We're doing the same, but only for 17 nights.

I'm planning on trying to get Internet access every other day or so, and looking at the forecast on Weather Online Which is the best site I've found so far for non- country-specific graphical forecasts.

We'll then try and dodge the showers....


----------



## Autoquest (May 16, 2007)

That's picked me up a bit... We had decided initially on the coast road to Honfleur with a mixture of aires and asci come municipal sites but I'm wondering wether hanging around up north for 10 days would mean missing out on the early september sun down south - Decisions, Decisions... Will probably end up in Dusseldorf for 'the show' and then driving up the Jungfrau knowing us - We are deliberately trying not to plan and impose artificial deadlines but its killing me


----------



## DABurleigh (May 9, 2005)

We found motorhoming freedom when we had a clear strategy but not a plan 

Dave


----------



## rosalan (Aug 24, 2009)

Although it is not failsafe, Why not be a little guided by the weather? Click on BBC weather for Europe for the next several days and there is a chance that your trip will at least start off on a good note.
Alan


----------



## tonyt (May 25, 2005)

"Turning right at Calais" is just about as much planning as you need to do.  

Why would you want to plan ahead? Just bimble along and wander. 

Make some notes of recommended sites and sights that may be on your route but go with the flow and relax.

By midday ish you might have some idea about where you'll be that night so pick a few aires and head in that direction.

Forget trying to dodge the weather - it has a habit of following those who try that.


----------



## ThePiper (Sep 27, 2009)

*Go for it*

We have just come back from a moth of doing just that. The French service stationes "Aires du ........." are regular and allow free overnight parking. There are also many 'campingcar' spots in towns with good signage which provide water, electricity and emptying facilities at very reasonable prices.
Go for it and enjoy! If your roof doesn't leek you will have a great time. I'd make sure you have breakdown services though as we have just been 'rescued' from the Czech republic.


----------



## Zebedee (Oct 3, 2007)

DABurleigh said:


> We found motorhoming freedom when we had a clear strategy but not a plan
> Dave


Spot on Dave . . . or if you do have a plan it is there to be ignored at a whim! :wink:

Our usual strategy is to have a few things we would definitely like to see, like gardens, museums, galleries, interesting towns etc.. We then "plan" a route to take them in, and probably even look up any suitably positioned aires or municipals on Google Maps/Street View.

This is all put into Autoroute and followed diligently . . . for at least the first 100 metres!! :lol: :lol:

Autoquest might feel a bit more reassured and focussed by doing something similar - but perish the thought of ever feeling it must be rigidly followed!
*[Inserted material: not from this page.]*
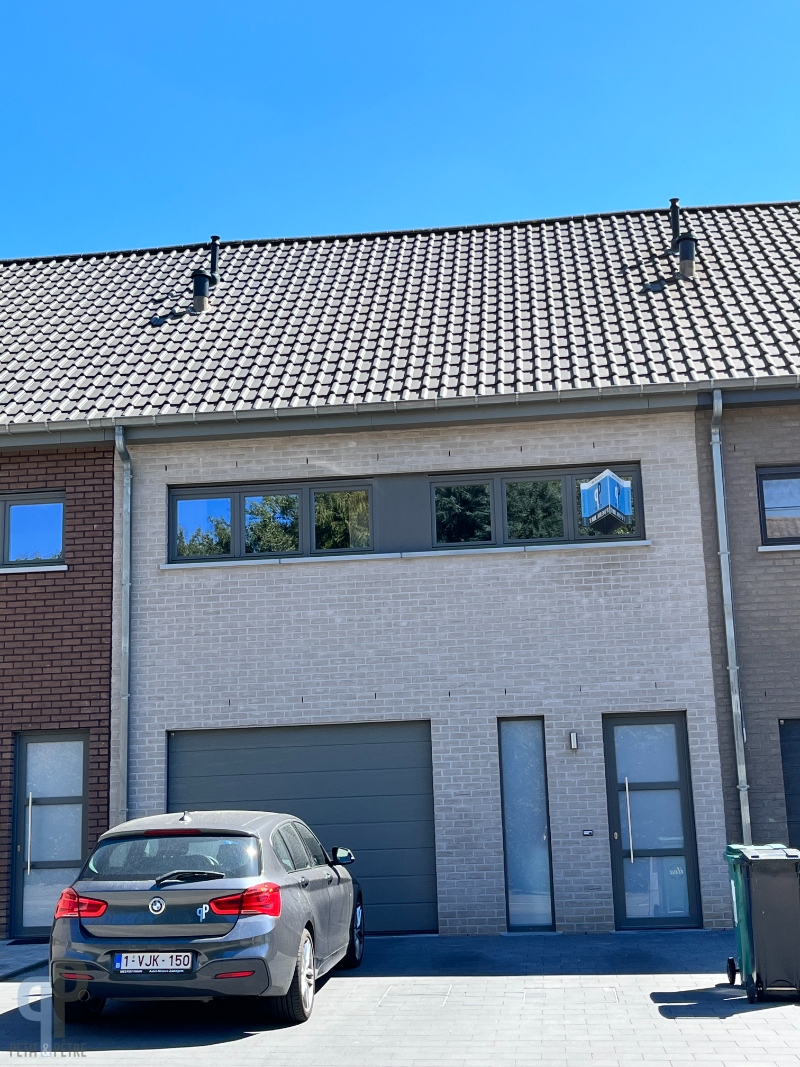 Recente woning met 3 slaapkamers - photo 1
The enjoyment of a plan is in making it. Following it is an option. :wink:

Dave


----------



## Autoquest (May 16, 2007)

DABurleigh said:


> We found motorhoming freedom when we had a clear strategy but not a plan
> 
> Dave


Sadly, I think I take after the Griswolds in European Vacation 8O


----------



## MEES (Apr 20, 2006)

We are doing similar sailing Dover to Dunkirk on the 4th Sept then depending on the weather will bumble along the North coast staying at the French passion 'Les deaux caps' on Sunday night :lol: :lol: 

then depending on the weather Equihen Plage, le Crotoy, Honfleur befor striking South heading for Torre del mar near Malaga for 1st Oct. :lol: 

We fly home for 2 weeks on 4th Oct then fly back for a further 4 weeks returning via Santander on 18thNnovember  

Bumbling according to the weather though we dont mind an odd wet day with the books and maps :lol: 

Sometimes if we get a wet day we find a 'locals' bar restaurant-marked by white vans about 12-30pm-have th 'set lunch' get pklastered and retired to the van for a good kip.......excellent :lol: :lol: 

Whatever you do just be flexible and enjoy each day


----------



## aldra (Jul 2, 2009)

Autoquest

Once you start you,ll find it easy

Have a good aires book with you and go for it

After all you cant get lost the ferry is well signposted :lol: :lol:

We're loosely planning to follow the Loire valley in September, depending on the weather

Could well change our mind part way and make for Italy

Just relax and enjoy

Aldra


----------



## bognormike (May 10, 2005)

yes, we're off overnight on Friday / Saturday, and then we have 2 weeks with no real plan. We have pencilled in the Loire valley, but if the weather is good we'll head for the Atlantic coast to start with and work back. If it's grotty all across the norther half we may head further south......


----------



## lindybell (Jun 9, 2007)

Hi

Yes we are doing the same . Off on the 5th for a month. Thinking of just following the coast thru Britanny and down to Bordeaux, but maybe we may go to the Alps and into Italy.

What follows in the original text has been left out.